However, the human species often visualize itself to be outside this natural web and try to play the role of a master or owner. Many humans also consider their relationship with nature as a kind of ‘conflict’ and set the goal of ‘conquering’ nature. These aggressive attitudes have led the humans to degrade, damage and even destroy ecosystems all over the world.
The earth’s myriad ecosystems are being unsustainably exploited and destroyed since long. It is estimated that forests measuring about a football field are vanishing every three seconds, while about half of the world’s wetlands have already been destroyed or reclaimed over the last century. More than half of the coral reefs are already gone, and this loss could reach up to ninety per cent by 2050, even if the temperature rise due to climate change is kept restricted to 1.5 0C.
This year’s World Environment Day theme of Ecosystem Restoration emphasizes that we have to not only prevent the destruction of ecosystems, but also to reverse the changes and restore their normal structure and function. There has to be a paradigm shift in the role of humanity from destroyer and ruthless exploiter of ecosystems to their restorers and friends. Global cooperation with active participation of the citizens are essential for achieving this goal. In 2020, the WED theme was Biodiversity, which emphasized the urgent need to conserve the richness of plant, animal and microbial life on the planet. However, the rich biodiversity of the earth, which is already under tremendous threat, cannot be saved unless the ecosystems that harbour and nurture them are protected and restored. Besides, the ecosystems also support the livelihoods of numerous people, which can only be sustained if these are maintained in a healthy state. Thus, a big challenge confronts the human species, whereby the myriad ecosystems from forests to cultivated plots, from rivers to wetlands, and from mountains to oceans have to be given the ‘healing touch’ to take them back as close to their original state as possible.
This year’s World Environment Day theme of Ecosystem Restoration emphasizes that we have to not only prevent the destruction of ecosystems, but also to reverse the changes and restore their normal structure and function. There has to be a paradigm shift in the role of humanity from destroyer and ruthless exploiter of ecosystems to their restorers and friends.
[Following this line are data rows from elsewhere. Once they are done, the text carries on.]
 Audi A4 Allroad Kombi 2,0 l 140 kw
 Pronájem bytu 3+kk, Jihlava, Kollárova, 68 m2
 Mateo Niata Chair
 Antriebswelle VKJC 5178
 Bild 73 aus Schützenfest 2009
Ecosystem restoration – the tasks ahead
Over the years since its inception, the themes chosen every year for World Environment Day have reminded us that the ecosystems around us are being altered and damaged by various anthropogenic (human-induced) disturbances. Accordingly, the themes have focused on air and water pollution, pollution of the sea, plastic pollution, desertification, climate change, ozone layer depletion, toxic chemicals, and so on. However, in 2000, it also exhorted us to take action through the theme “The Environment Millennium – Time to Act”. In response to this call, the Millennium Ecosystem Assessment was launched on World Environment Day in 2001. Twenty years hence, the WED 2021 theme of Ecosystem Restoration and the launching of the Ecosystem Restoration Decade (2021-2030) therefore, reaffirm further international commitments to corrective action to save the environment.
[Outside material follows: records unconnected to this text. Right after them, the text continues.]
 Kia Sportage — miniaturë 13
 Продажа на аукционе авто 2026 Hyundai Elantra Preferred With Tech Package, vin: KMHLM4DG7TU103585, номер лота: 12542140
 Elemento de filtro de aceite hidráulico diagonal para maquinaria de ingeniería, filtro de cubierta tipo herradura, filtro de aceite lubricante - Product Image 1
The main objective of ecosystem restoration is to assist the recovery of damaged, degraded or adversely altered ecosystems to their normal structure and function. Ecosystem restoration also aims to conserve those ecosystems which have remained unaffected. The various approaches to ecosystem restoration may include planting trees, cleaning up pollutants, or removing the different types of stresses which may be affecting them. Some selected examples of ecosystem restoration work which are already underway may be cited here to understand the range as well as depth of the issues involved.
Some case studies
Coral reef restoration: Coral reefs cover less than 0.1 % of the world’s oceans and yet support about 25 % of the marine biodiversity. Often referred to as the “rainforests of the ocean”, they occur in over 100 countries with more than 500 million people dependent on them for their livelihoods. They are among the most vulnerable ecosystems about 50 % of which have already been lost in the last 30 years. The objective of coral reef restoration is to assist these ecosystems to recover from the damage and destruction that have affected them. Various methods such as direct transplantation of corals, “coral gardening”, substrate addition by constructing artificial reefs with substrate manipulation and stabilization, and larval propagation by transplanting coral larvae are being employed to help the process of regeneration in coral reefs.
Coral reef restoration projects are underway in at least 56 countries, for example, in Fiji and Kiribati islands in the Pacific, and in the Great Barrier Reef in Australia. In India, several organizations are doing work for coral reef regeneration. One of the earliest ventures is the Mithapur Coral Recovery Programme in the Gulf of Kachchh in Gujarat launched in 2008 jointly by the Wildlife Trust of India and the Gujarat Forest Department, and supported by Tata Chemical Limited. This project is unique in having involved community management of a section of the reef. As a result of this project, fish diversity and density have increased in the restored reef area. Another organization – the Reefwatch – has started reef regeneration activity in the Andamans since 2018, and yet another NGO – the Coastal Impact – has initiated a project in Goa in 2020. However, some of these recent projects are facing tough challenges due to the COVID-19 pandemic situation[iii].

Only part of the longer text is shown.